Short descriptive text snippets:
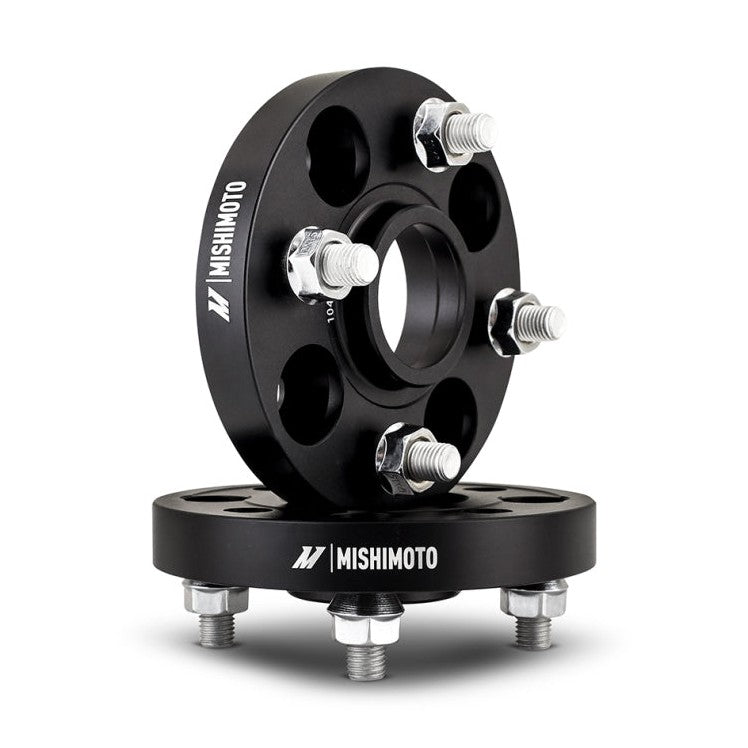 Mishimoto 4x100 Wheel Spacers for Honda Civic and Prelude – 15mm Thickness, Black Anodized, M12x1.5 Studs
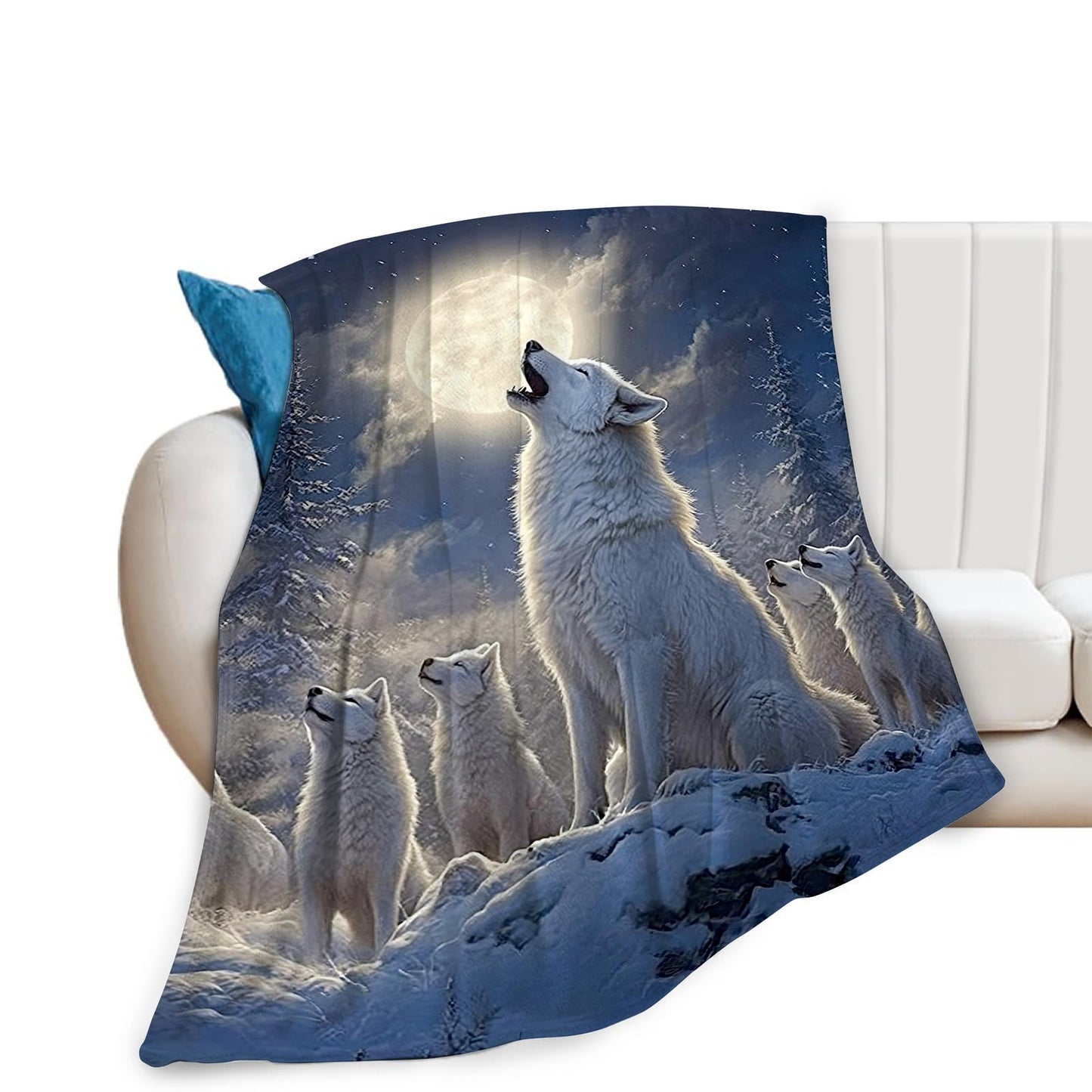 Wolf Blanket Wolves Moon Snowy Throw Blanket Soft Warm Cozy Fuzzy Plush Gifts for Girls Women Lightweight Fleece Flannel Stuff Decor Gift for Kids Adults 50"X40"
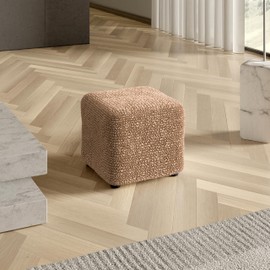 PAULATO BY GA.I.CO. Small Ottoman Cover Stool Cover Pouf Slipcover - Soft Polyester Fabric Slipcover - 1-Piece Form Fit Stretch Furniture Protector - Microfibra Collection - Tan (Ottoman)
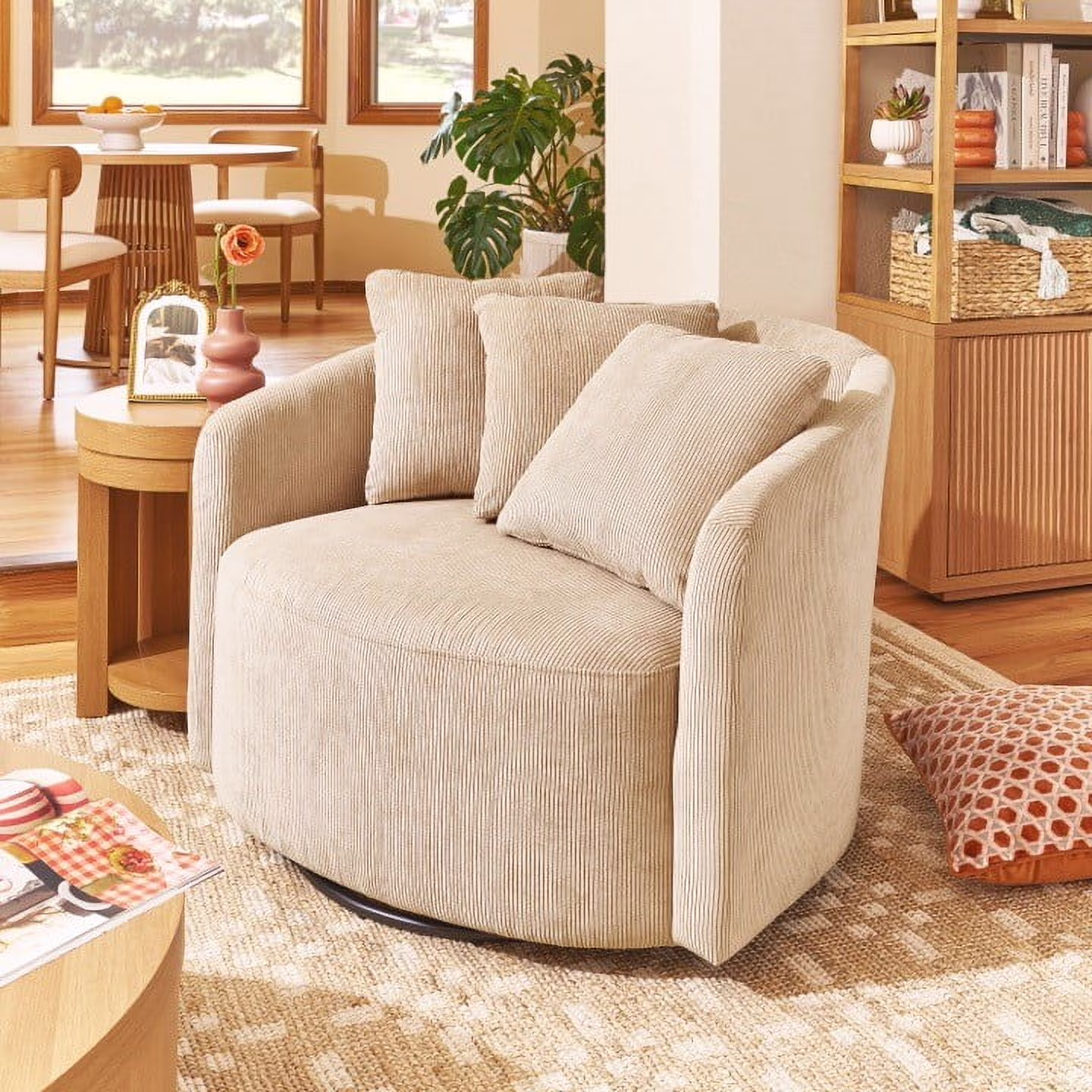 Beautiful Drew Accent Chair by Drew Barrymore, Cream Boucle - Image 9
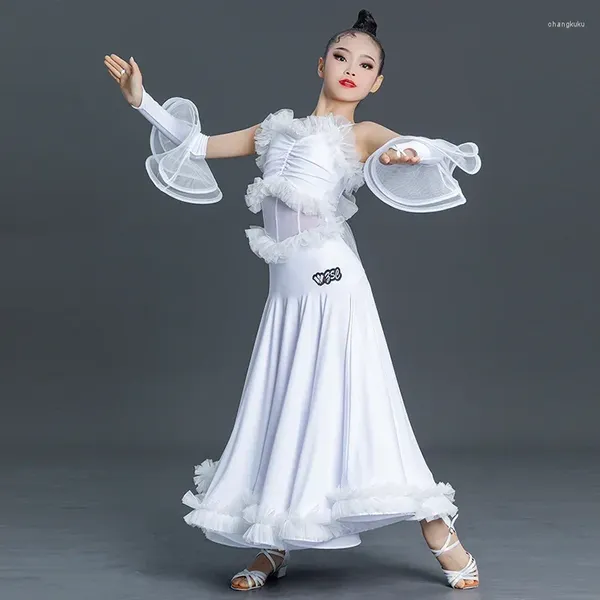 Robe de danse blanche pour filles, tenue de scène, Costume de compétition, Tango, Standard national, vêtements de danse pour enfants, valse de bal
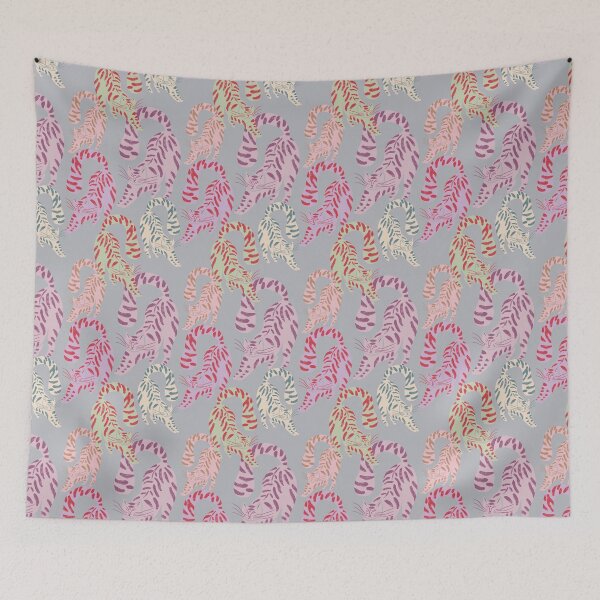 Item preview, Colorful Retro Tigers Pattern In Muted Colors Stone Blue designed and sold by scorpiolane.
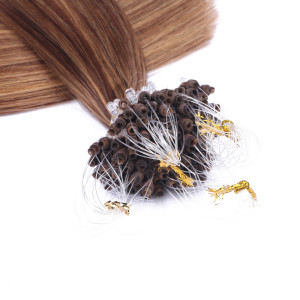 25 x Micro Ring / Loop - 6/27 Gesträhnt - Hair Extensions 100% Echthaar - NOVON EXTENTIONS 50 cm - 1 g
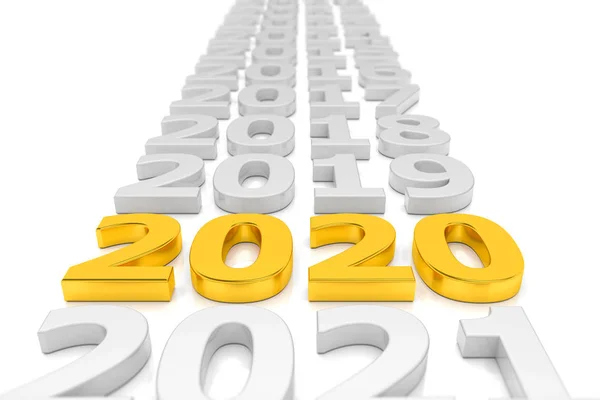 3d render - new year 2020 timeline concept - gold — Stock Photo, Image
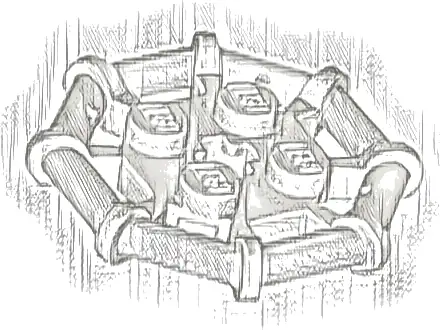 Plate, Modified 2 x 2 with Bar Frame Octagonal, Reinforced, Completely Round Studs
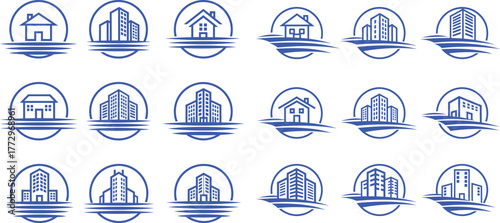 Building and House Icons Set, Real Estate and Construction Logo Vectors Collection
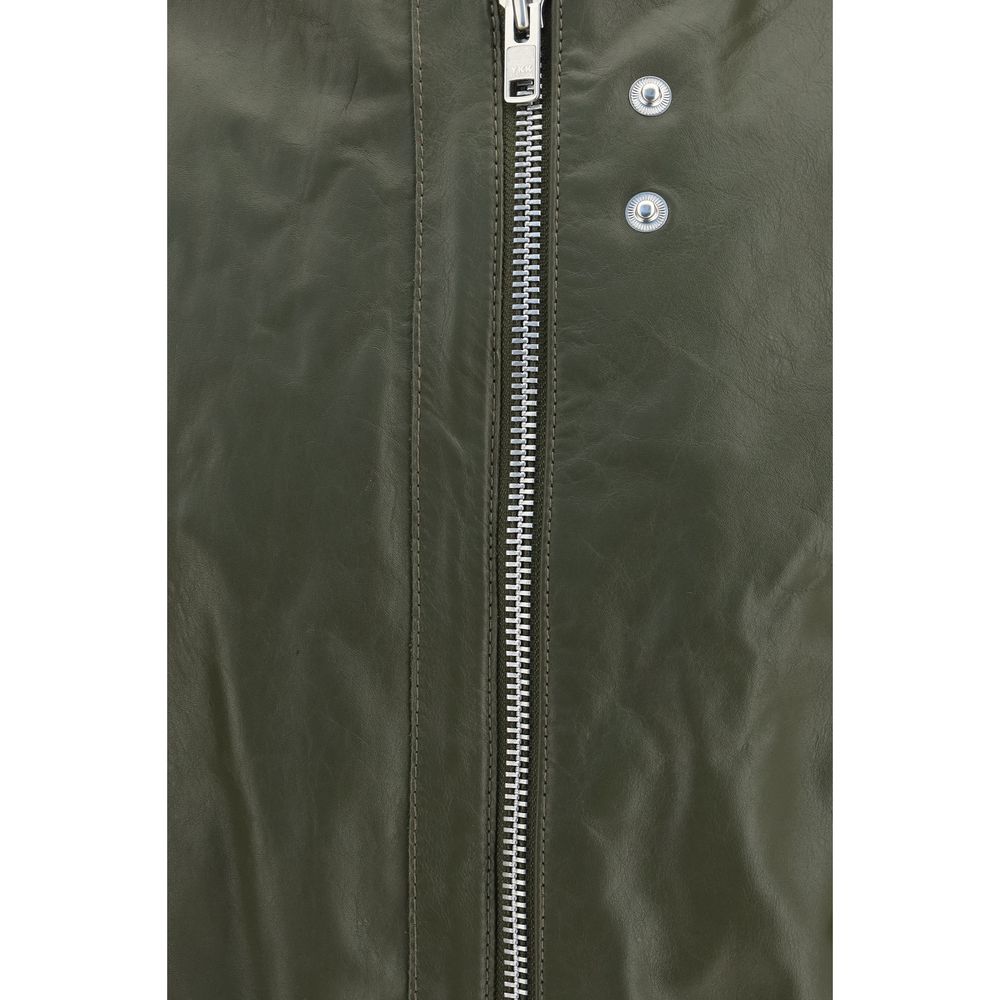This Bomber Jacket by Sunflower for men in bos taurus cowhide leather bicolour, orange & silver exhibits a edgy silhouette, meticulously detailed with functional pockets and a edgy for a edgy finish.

Task details: The line that contains "Plate, Modified 2" begins the range and the last line of the entries ends it; print that range exactly, without pictures.

Final answer:
 Plate, Modified 2 x 2 with Bar Frame Octagonal, Reinforced, Completely Round Studs
 Building and House Icons Set, Real Estate and Construction Logo Vectors Collection
This Bomber Jacket by Sunflower for men in bos taurus cowhide leather bicolour, orange & silver exhibits a edgy silhouette, meticulously detailed with functional pockets and a edgy for a edgy finish.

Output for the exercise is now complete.